IMB President Paul Chitwood (left) and NAMB President Kevin Ezell give a report to messengers on Send Relief, Southern Baptists' compassion ministry. Photo by Roy Burroughs


ORLANDO — More than 60,000 people were mobilized through Send Relief last year, helping meet needs for more than 2.5 million people and creating more than 816,000 Gospel conversations through local churches around the world.

During the Send Relief presentation at the 2026 SBC Annual Meeting, International Mission Board President Paul Chitwood and North American Mission Board President Kevin Ezell highlighted stories behind those numbers, emphasizing that lasting compassion ministry happens through local churches serving their communities before, during and after times of crisis.

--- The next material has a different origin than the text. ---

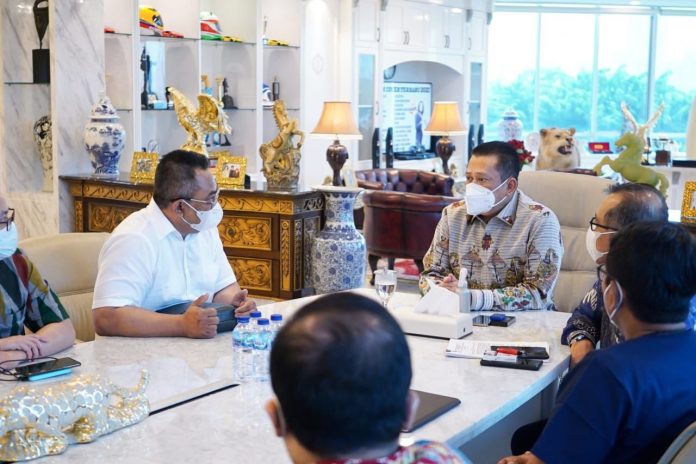 Bambang Soesatyo bersama Pengurus PERDAHUKKI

“Behind every number is a name,” Chitwood said. “And behind every story is a church that not only invested in an effort but stayed for the long haul.”

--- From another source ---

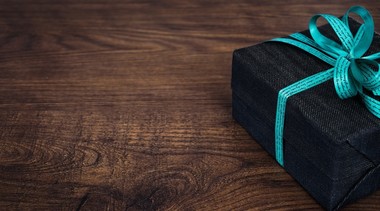 COMUNICAT DE PRESĂ: Cum sa iti surprinzi iubitul de ziua lui: 3 idei primite chiar de la barbati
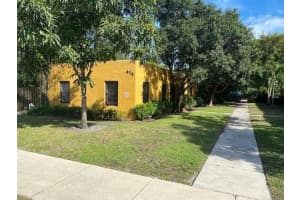416 NE 1st Avenue 1, Fort Lauderdale, FL 33301 - MLS#F10523666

The leaders pointed to examples from Puerto Rico, Peru, Nigeria, Cuba and Jamaica as evidence of how Southern Baptists are meeting physical needs while creating opportunities to share the hope of the Gospel through ongoing ministry relationships.

“That’s what we want you to hear today,” Chitwood said. “Not what we did but what you did through the Church Christ is building.”

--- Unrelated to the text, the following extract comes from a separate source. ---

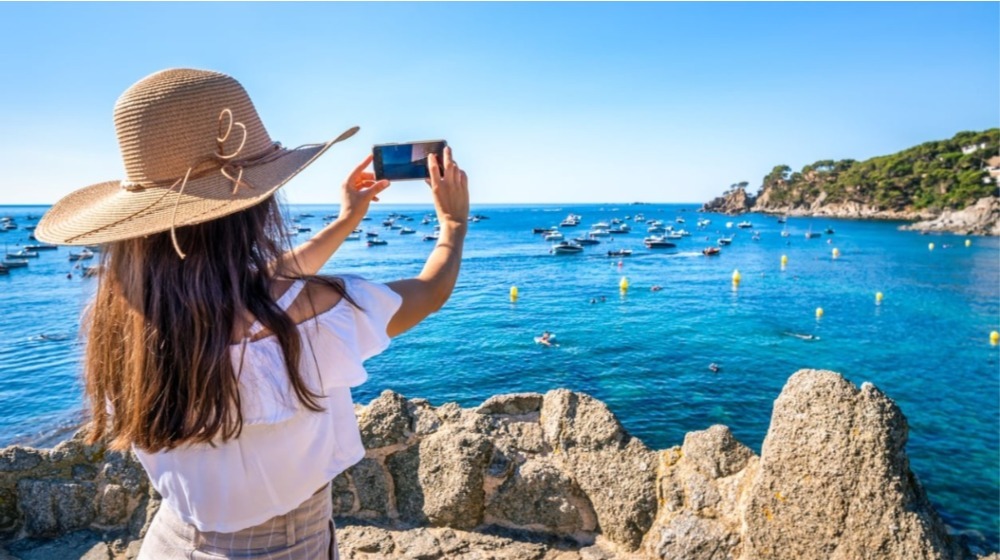 Δημιουργείται νέα παραλία μόνο για influencers και content creators στην Αγία Νάπα - Όλες οι πληροφορίες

Mission trips create lasting impact

Ezell encouraged pastors and churches to consider mission opportunities through Send Relief Ministry Centers across North America and with Send Relief missionaries around the world.

“We have Ministry Centers all across North America,” Ezell said. “From Appalachia to Boston, to the Pine Ridge Reservation in South Dakota, to Las Vegas, to Puerto Rico.”

One example came from Puerto Rico, where a team from Graffiti 2 Baptist Church in New York spent a week serving through the Send Relief Ministry Center there. The team helped complete a home for Joselyn, a young single mother and her toddler son, after more than a year of work by multiple church teams.

By the end of the week, Joselyn had a safe place to live, and two volunteers on the trip professed faith in Christ.

“That’s a Send Relief mission trip,” Ezell said. “Eleven people. One week. One home. Two souls.”

Serve Tour mobilizes churches for global ministry

The presentation also highlighted Send Relief’s Serve Tour ministry.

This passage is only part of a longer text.